Mit der sportlichen Situation der NLZ-Mannschaften ist Uwe Mißlinger absolut zufrieden. „Unsere Bayernliga- und Landesligateams liegen im Rennen um den Klassenerhalt mehr als im Soll und auch die übrigen Mannschaften stehen nicht nur tabellarisch gut da, sondern verzeichnen tolle Fortschritte in ihrer Entwicklung. An dieser Stelle will ich allen Trainern, Betreuern und Helfern, aber auch den Eltern meinen Dank und Respekt aussprechen“, so der ehemalige Seniorentrainer.

Auf die Frage, ob es ihn nicht wieder reize hinter der Seitenlinie zu stehen, antwortete er: „Wenn ich ehrlich bin, hab ich noch keinen einzigen Tag irgendwelche Entzugserscheinungen verspürt. Ich habe mich viele Jahre aufgerieben, gegen viele Widerstände angekämpft und mein persönliches Ziel erreicht, eine ambitionierte Landesligamannschaft aus überwiegend eigenen Jugendspielern aufzubauen“, so Mißlinger. „Man soll niemals nie sagen, aber Stand jetzt ist es wahrscheinlicher, dass ich Ballettunterricht nehme, als dass ich wieder an der Seitenlinie stehe.“

Auch für die Zukunft sieht der vierfache Familienvater das BFV-NLZ Cham gut aufgestellt. „Die Rahmenbedingungen sind durch eine Abteilungsleitung, welche die Bedeutung der Jugend kennt und schätzt sowie durch ein überragendes infrastrukturelles Angebot gegeben.

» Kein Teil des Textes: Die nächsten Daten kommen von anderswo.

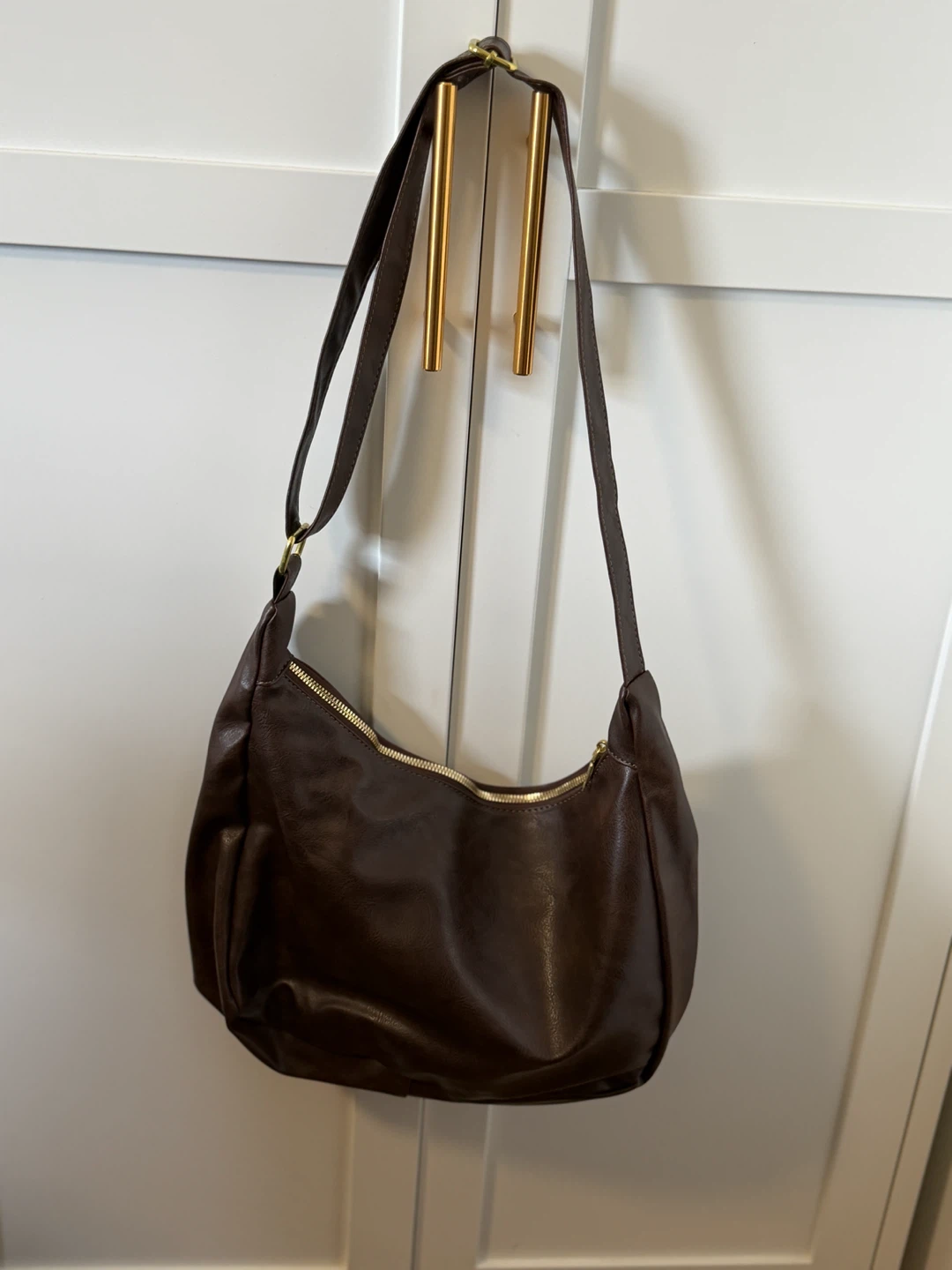 Brown Leather Shoulder Bag - photo 2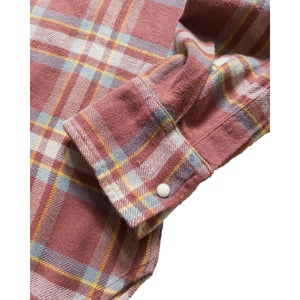 Washed Flannel Pearlsnap Shirt Autumn Rust - Shirt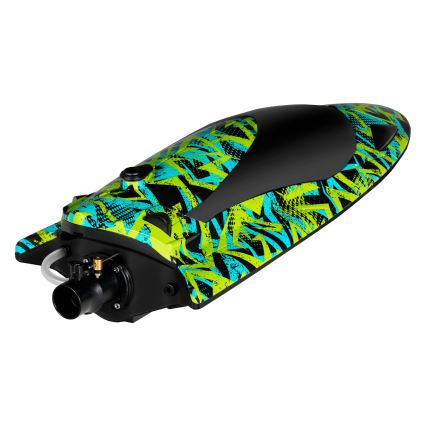 Overmax - Fjernstyret RC-båd X-SURGE 4000 mAh sort/grøn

Entscheidend wird sein, dass die aktuelle Abteilungsleitung so lange wie nur möglich am Ruder bleibt und wir in der Jugend nicht nachlassen. Wenn dieses enorme Engagement aller weiterhin auf diesem hohen Niveau besteht, sehe ich große Chancen, den Status Quo zu halten“, prognostiziert Mißlinger.